Classics: Fishing down the web

17 09 2008

A Classic

Fishing_down_the_food_webDaniel Pauly and colleagues’ classic paper in Science, Fishing down marine food webs, is one that merits citation in ConservationBytes.com Classics section. The trend identified by Pauly and colleagues is fairly simple – data from the Food and Agriculture Organisation (FAO) of the United Nations revealed that the average trophic level (i.e., the position in the food web relative to autotrophs – primary producers such as phytoplankton) has declined by an overall average of 0.2 units. In this case, a trophic unit varied from 1 (phytoplankton) to 4.6 (e.g., snappers, family Lutjanidae). The trends varied by region and whether or not one takes certain overrepresented species into account, but the average decline was more or less consistent across the dataset.

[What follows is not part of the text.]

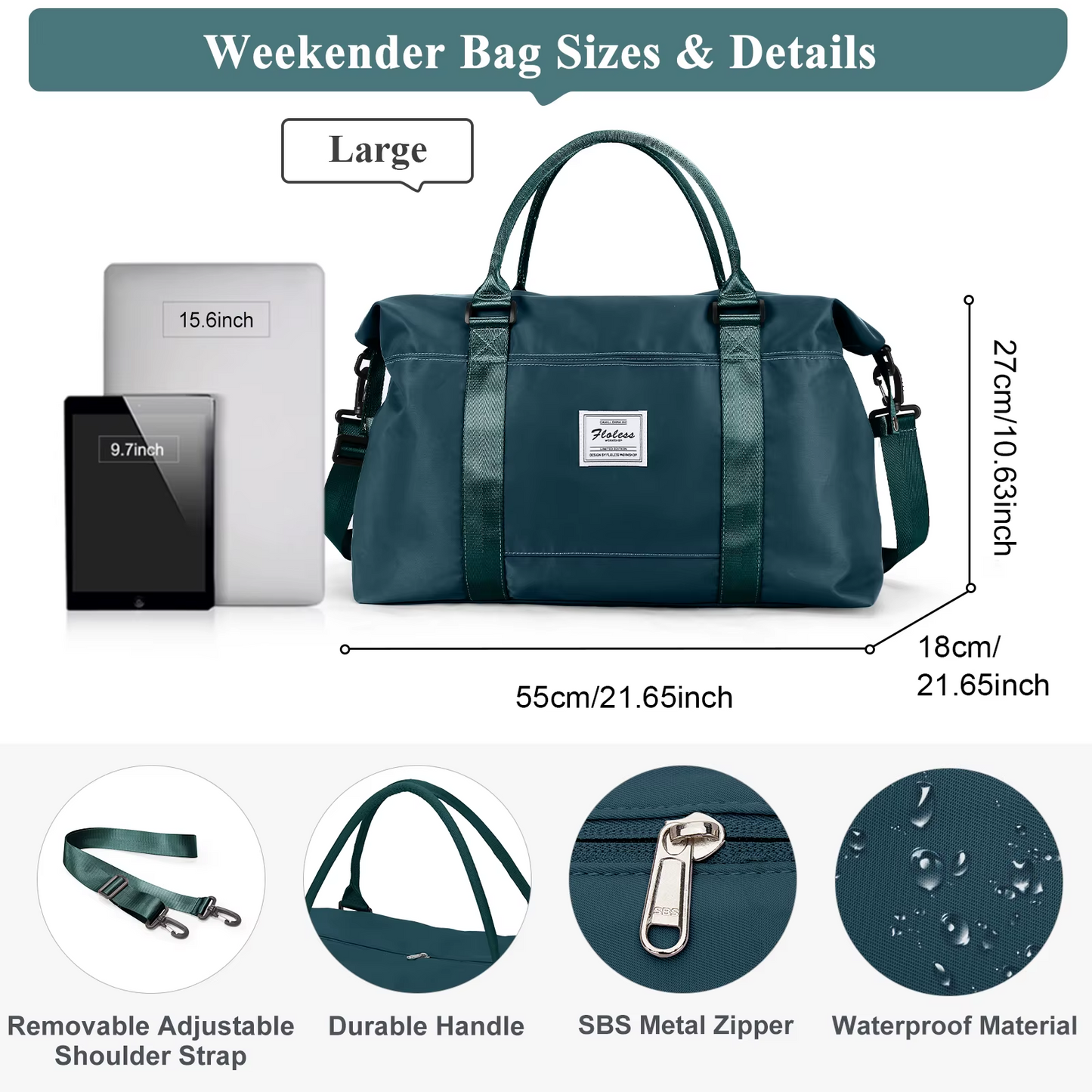High Capacity Waterproof Multiple Pockets Travel Bag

What does all this reveal? Put simply, it means that fishing on a massive and global commercial scale has essentially removed many of the larger species to the point where it has become no longer economically viable to sustain a targeted fishery. This does not necessarily mean that these species have disappeared, but it does indicate a large drop in relative abundance (and thus, ease of capture) necessary to support an industry, with the corollary that highly reduced populations are now much more extinction-prone if they fall below their minimum viable population size. The corollary is that marine species we wouldn’t consider palatable for a dog 50 years ago are now considered top-quality market delicacies.

The paper did not go without critique – Caddy and colleagues argued that Pauly and colleagues oversimplified the case for marine fishes and misinterpreted some data; however, a subsequent paper by Pauly’s team published in 2005, Fishing down marine food web: it is far more pervasive than we thought, argued that the original paper didn’t go far enough, and that fisheries over-exploitation worldwide is much worse than originally reported. Indeed, there are certainly some high-profile examples to support the case (e.g., the Atlantic cod and Peruvian anchoveta fisheries collapses, to name a few).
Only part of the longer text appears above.